Grief is... Colorful?

The other day, I found myself looking up poems about grief. I am often fond of words that attempt to encompass the chaos that is loss: a feeling none of us will escape this world without feeling in some capacity (and for some of us, too much of it). It can present complex in our gut, rising up our shoulders, or weighing down our legs. It’s often as simple as a whisper in our head, a lyric from a song, or a dull ache that you know deep down no words will accurately describe.

Sometimes, grief is both. Let me tell you, I have enough lyrics and poems and TedTalks for every feeling. The poem that stopped me in my tracks is simple, a short string of words that I feel includes it all: the ebb and flow of the ocean that is navigating the loss of a loved one. It was written by W. S. Merwin:

This is my brother Tommy. Beyond a big brother, he was a son, a college student, a race car fanatic, a server, and the best karaoke singer around. What's that? You wanted to hear an uncanny cover of Cartman singing Styx's Sail Away? Tommy had you covered. I couldn’t see it at the time, but so much of what I did and who I am were the colors he presented in my life.


Purple was the laughter I remember as a child, having a big brother (14 years apart!) who could still be bothered to come around and play with me. The early evenings where he would need to catch a plane but was always up for one more round of hide and seek. Even as the family dynamic changed, or even when we found ourselves in another state on vacation, there he was. I never got to tell him how much that meant to me in my formative years of learning about what family truly is.

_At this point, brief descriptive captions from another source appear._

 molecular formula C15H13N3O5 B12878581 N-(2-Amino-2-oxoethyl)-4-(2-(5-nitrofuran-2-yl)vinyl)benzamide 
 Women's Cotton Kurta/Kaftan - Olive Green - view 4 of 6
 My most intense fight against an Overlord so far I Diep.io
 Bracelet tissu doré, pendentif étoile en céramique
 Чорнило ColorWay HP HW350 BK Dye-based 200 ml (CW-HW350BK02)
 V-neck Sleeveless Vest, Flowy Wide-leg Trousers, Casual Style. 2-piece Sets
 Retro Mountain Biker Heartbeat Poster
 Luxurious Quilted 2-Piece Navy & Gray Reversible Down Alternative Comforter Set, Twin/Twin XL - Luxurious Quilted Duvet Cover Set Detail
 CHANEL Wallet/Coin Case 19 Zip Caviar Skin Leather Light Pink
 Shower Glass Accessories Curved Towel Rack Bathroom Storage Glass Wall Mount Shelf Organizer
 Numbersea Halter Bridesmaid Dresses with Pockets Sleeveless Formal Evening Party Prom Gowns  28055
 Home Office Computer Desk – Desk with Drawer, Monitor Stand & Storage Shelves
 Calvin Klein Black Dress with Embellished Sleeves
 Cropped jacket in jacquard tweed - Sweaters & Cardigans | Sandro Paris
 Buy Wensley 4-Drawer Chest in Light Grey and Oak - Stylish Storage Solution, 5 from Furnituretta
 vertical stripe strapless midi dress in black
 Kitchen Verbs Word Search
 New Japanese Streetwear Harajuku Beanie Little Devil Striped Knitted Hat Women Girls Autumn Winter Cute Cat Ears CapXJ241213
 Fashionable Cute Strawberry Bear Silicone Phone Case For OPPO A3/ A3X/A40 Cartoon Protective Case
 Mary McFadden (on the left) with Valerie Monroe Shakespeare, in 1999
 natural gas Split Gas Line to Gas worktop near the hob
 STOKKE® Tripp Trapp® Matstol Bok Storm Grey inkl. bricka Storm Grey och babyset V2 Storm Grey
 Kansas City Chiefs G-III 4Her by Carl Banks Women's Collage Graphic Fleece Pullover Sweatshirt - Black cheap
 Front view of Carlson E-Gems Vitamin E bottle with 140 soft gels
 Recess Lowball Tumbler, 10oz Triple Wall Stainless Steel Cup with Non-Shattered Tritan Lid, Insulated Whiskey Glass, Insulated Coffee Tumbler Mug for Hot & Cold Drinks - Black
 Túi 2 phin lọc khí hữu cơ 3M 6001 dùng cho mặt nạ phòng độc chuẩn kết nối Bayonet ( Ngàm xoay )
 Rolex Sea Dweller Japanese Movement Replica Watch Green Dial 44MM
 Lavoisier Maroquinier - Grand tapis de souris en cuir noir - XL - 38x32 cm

Blue represented the feelings I know Tommy held in for so long for feeling everything so deeply. This weight is something I didn’t fully understand until the past few years of my life. I still consider this shared trait the worst and best part of me.


Yellow was from the musings of others who mentioned that even though Tommy had some heavy things to carry, you would never know it based on the way he made those around him feel. A laugh or joke often did the trick. I wish I knew more of them by heart.


Red was for Ohio State, of course. That one is a no brainer. I don’t know what I’m talking about, but some days I secretly watch scores and smile (not too much this season, though...).


In the years since his death, the colors have changed. It’s my job to embrace them.


Pink represents anytime I am called out for my authentic giggle- one I used to mask, but now bring out just because of the reminders of how you would laugh.


Green is for anytime I feel jealousy watching my friends and family spend time with their siblings. From wedding parties to matching tattoos to starting families to holidays, it’s the color I try to suppress, even though I know what happened wasn’t fair.


Orange is the beautiful sunset I saw at your celebration of life. I’m pretty stoked to report that in ten years, through different cities and time zones, yours still takes the cake.

All the colors blend together when I remember the people (I like to think) you brought into my life, from students to colleagues to friends that feel more like family. The experiences I won’t get to talk to you about, but it doesn’t stop me from trying. The legacy you left behind for all of us that miss you. The songs I sing for you, even when no one knows.


Grief is pretty colorful when you think about it. I miss you, but I am so damn thankful you painted my world forever.